A ideia singela de que, enquanto lembrarmos de nossos mortos, eles viverão num lugar lindo, cheio de alegria e esperança de reencontro. “A terra dos lembrados”.
Hoje é dia dos mortos. Mais do que nunca desejo que estes meus amados estejam bem, abraçados por todo o amor de quem ficou aqui.
Neste momento de transformação, aprecio profundamente o legado destes anjos que me guardam, dia após dia.
Minha forma de lembrar é agradecer. Para que seja dia de festa na “Terra dos Lembrados”. Para que o amor por eles ilumine o meu coração saudoso.
A primeira pessoa que perdi foi tio Itê. Eu tinha cinco anos. Um afeto importante na minha vidinha de criança. Lembro que esperá-lo era um acontecimento. Com suas histórias, criatividade e bom humor.
Os anos se passaram. E veio a maior dor de todas. Perder minha avó Regina, colo infinito, meu continente, amor incondicional. Ainda sinto sua presença velando meu sono, minha rainha. Lembro dos passeios na Avenida Pelinca, comprar poquinha no Laura, os lanches de pão com manteiga e queijo prato. Mais tarde, os bons conselhos, a acolhida para o coração adolescente. Entre tantas, tantas memórias, foi ela quem abriu a caixa mágica das palavras, presenteando-me com uma caixa cheia de meus livrinhos cor-de-rosa, aos nove anos.
Apenas quarenta dias depois, meu avô com açúcar, vovô Celso, partiu também. Esteio de minha infância, inspiração da minha vida adulta. Lembro das coca-colas depois de visitar a roça com ele. O bom humor. A resiliência de quem comprou sua fazenda aos setenta anos. A humildade, a justiça, o chá com biscoito cream cracker, à tarde.
Depois, a centenária vovó Aída. Alma de artista, espírito de luz. Ah, se eu soubesse o que sei hoje, como haveria bebido mais de sua fonte… Ela que me ensinou sobre o poder purificador da água. Como sabia das coisas por vir. Dela lembro das conversas, do olhar amigo, de um quadro que “se transformava” e da convicção inesperada que irrompia de seu corpo frágil.
Anos depois, vovó Gisela foi reencontrar o marido. Sua morte acordou um chamado de mudança. “Gisela viveu todos seus talentos”. E fui buscar os meus. Vovó do rangido do assoalho de manhã, a última a se sentar. Vovó Gisa, dos quindins e do batom e água de alfazema. Vó Gisa, da mesa farta, do coração indômito, da inteligência brilhante e determinada.

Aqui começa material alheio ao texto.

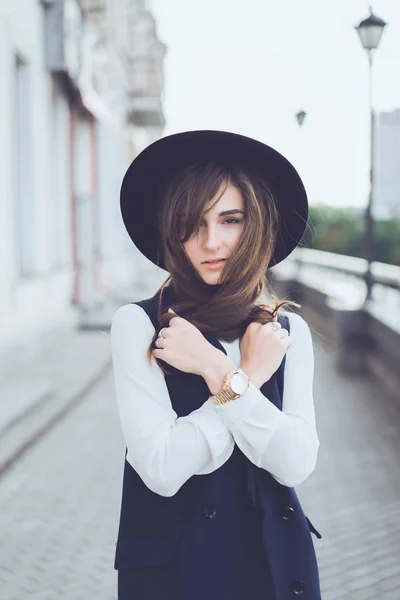 Young girl posing on street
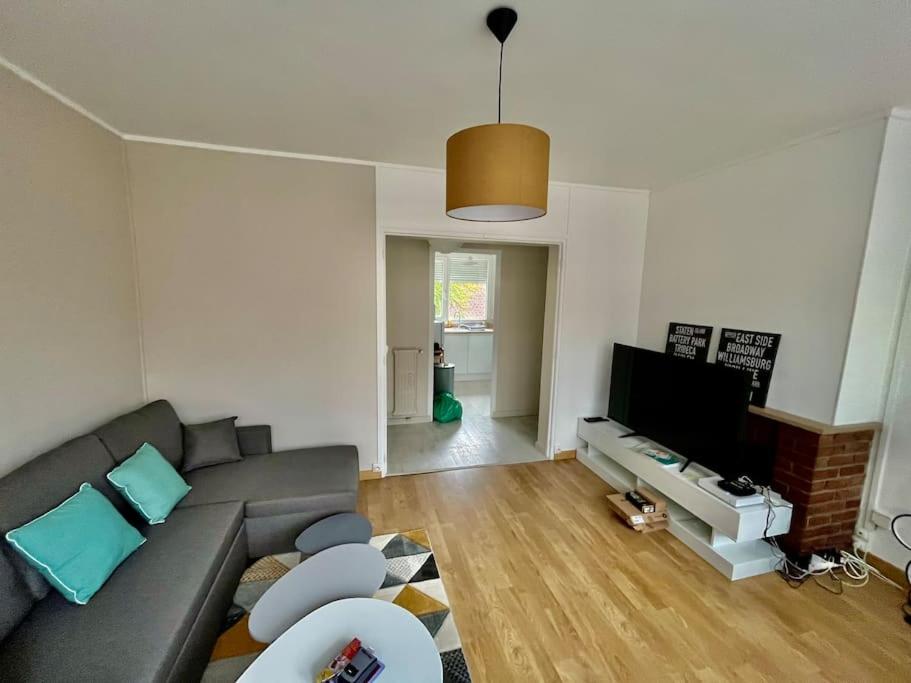 un salon avec un canapé et une télévision à écran plat dans l'établissement Le boréal, à Amiens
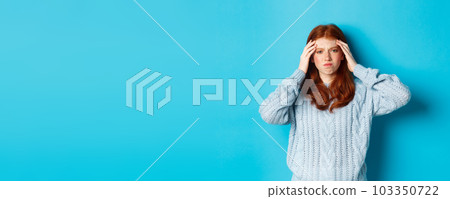 Distressed teenage redhead girl touching head, looking with troubled face expression, standing against blue background, have problem 103350722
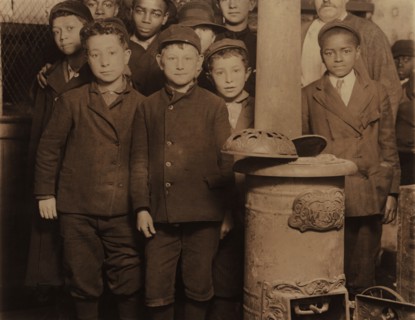 Group of Young Newsboys at 5:00 a.m. on Sunday Getting Ready to Sell Newspapers from McIntyre's Branch, Chestnut and 16th Streets, St. Louis, Missouri, USA, Lewis Hine for National Child Labor Committ...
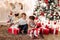 Brother in deer Christmas hat kissing his younger sister in head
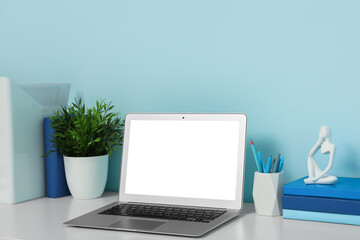 Modern workplace with laptop, stationery and books in light office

Então foi a vez de tio Márcio, Amor-Continente. A primeira morte enfrentada de olhos bem abertos, acompanhada de perto. Uma voz de trovão retumbando no peito. Referência de ética, amor à família, firmeza nas horas difíceis.
Por último, Eliane. Amiga recente, mas de tamanha intensidade. Nos víamos quase toda a semana. Ela me orientou no caminho espiritual, me apresentou tantos recursos de cura. Ensinou-me também a prudência com o cuidar do outro.
Há muitos outros mortos queridos ou significativos. Tio Dario, tio Geio, Tia Maria, Tia Neni, Ben, Chiquinho e muitos mais. Tantos nomes.
Hoje, mais que nunca, os recordo. Sem tristeza. Gratidão e a certeza de que tudo tem seu tempo e lugar. O deles, agora, é em outro mundo, velando o meu.